No tracks to trick one
No tricks to trap one.
Neither here nor there
Yet this is where
I am complete.
Thanks, Tim. This is a fabulous poem.
6 BOOKS = ONE BOOK SPINE POEM. by Gayle Church, Ontario Canada
The Art of Possibility
Women Writing and Soul Making
Move into Life
Drinking from the River of Life
Writing as a Path to Awakening
Tracking Wonder
Great books with wonderful knowledge. Enjoyed them all.
Hi Gayle, I love your poem, thanks for sharing. I also see some new books to add to my reading list! (Women Writing and Soul Making sounds interesting).
Wonderful sharing to organizing books; on shelf, off shelf wherever books may live, may it be with a reading heart, learning, growing from words flowing heart to page, page to heart inspirationally writing, imaginatively uniting, poetically inviting.
The Soul of RUMI
Journey to the HEART
Pilgrim of LOVE
Freeing the Body, Freeing the MIND
Anatomy of SPIRIT
The Tree of ENLIGHTENMENT
Living your YOGA
In my own WORDS ✍️
NAMASTE 💚
This is beautiful, Denise. Thank you. Namaste.
Loved doing this. The books came to mind instantly.
three women
Girl, Woman, Other
thinking fast and slow
open
at home in the world
Authors: Lisa Taddeo, Bernardine Evaristo, Daniel Kahneman, Andre Agassi, Joyce Maynard
Hi Michelle, so great to see your voice and words here. I love your poem! I am going to look up some of these books too. Thanks for listing the authors. See you in a member event soon. Thank you for all of your wonderful presence and participation in our monthly member events. I always appreciate seeing you.
Hi Lynda and all the poets.
What fun! I first read about Book Spine Poems a couple of National Poetry Months ago and have pulled many, many books off my shelves and stacked them and restacked them. (Revising is not as easy when you’re moving entire books around, rather than just words or sentences!) I’m delighted to share the fun and appreciate you sharing it with our lively and creative journal writing community. Your poem is beautiful!

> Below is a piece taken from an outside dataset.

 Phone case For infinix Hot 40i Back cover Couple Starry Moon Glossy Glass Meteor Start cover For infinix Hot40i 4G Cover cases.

Hi Judy, I was looking at books on my shelves in my office all day today and making book spine poems in my head :)
Thank you, Lynda and Judy, for this fun poetry practice.
I loved doing this!
The Year of Magical Thinking
Advice for future corpses,
who will cry when you die?
Final gifts
being mortal
How to go on when someone you love dies
A Grateful Heart
Authors: Joan Didion, Sallie Tisdale, Robin Sharma, Maggie Callanan & Patricia Kelley, Atul Gawande, Therese A. Rando, M.J. Ryan (ed.)

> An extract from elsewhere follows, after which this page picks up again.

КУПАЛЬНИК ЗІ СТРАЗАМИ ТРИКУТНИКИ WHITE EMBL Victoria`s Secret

Hi Jennifer, what a powerful poem! Thanks for sharing and for creating it.
Linda, is the idea to choose the books purposely, trying to create a sensical poem, or just randomly pull them and then see what forms?
Tx!
Lynn
Hi Lynn, I am checking with Judy Reeves as I just followed her lead. Great question and I’ll get back to you.
Hi Lynn, here is the response I got from Judy, hope it helps and happy creating! …
This is an interesting question. I learned how to create book spine poems one National Poetry Month several years ago and just imitated the style. I just pulled a good number of books off the shelves that evoked a response from me. Then stacked and restacked them until I felt satisfied with the poem. (Revising is easier when writing by hand than when stacking books.)
The book titles I chose all spoke to an idea or theme. But I suppose a poet could just pull random books and through intuition or some kind of poetic mojo create a poem that held together.
Playing with it is the part I like. The process, anyway we want to do it. As Rilke told us, “One can do anything.”
Hope this answers the question.
Best
Judy
Linda, interesting: I found a book called Spine Poems!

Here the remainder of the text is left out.